**DESCRIPTION OF THE TASK**
Between the line containing "2 Victoria Ln, East" and the line containing "Märklin Modellini di" lies a run of lines; give that run again exactly, with both of those lines, and nothing else from the entries below.

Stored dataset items
[Start of Attachment]
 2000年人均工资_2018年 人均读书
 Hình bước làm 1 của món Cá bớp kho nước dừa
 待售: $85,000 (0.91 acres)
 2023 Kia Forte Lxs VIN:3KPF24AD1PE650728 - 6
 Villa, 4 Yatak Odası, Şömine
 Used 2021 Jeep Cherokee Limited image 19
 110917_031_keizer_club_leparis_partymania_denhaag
[End of Attachment]
[Start of Attachment]
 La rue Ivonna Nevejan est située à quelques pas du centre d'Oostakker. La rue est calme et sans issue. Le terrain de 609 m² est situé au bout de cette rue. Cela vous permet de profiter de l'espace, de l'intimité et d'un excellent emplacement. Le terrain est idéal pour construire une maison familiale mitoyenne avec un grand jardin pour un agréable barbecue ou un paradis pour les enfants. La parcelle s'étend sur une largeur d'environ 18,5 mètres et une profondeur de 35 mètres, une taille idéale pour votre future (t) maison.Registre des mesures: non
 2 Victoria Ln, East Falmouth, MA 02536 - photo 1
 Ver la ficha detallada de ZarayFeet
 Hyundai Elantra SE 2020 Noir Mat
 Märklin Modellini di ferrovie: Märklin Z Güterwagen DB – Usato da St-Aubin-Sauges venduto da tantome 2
[End of Attachment]
**RESPONSE BELOW**
 2 Victoria Ln, East Falmouth, MA 02536 - photo 1
 Ver la ficha detallada de ZarayFeet
 Hyundai Elantra SE 2020 Noir Mat
 Märklin Modellini di ferrovie: Märklin Z Güterwagen DB – Usato da St-Aubin-Sauges venduto da tantome 2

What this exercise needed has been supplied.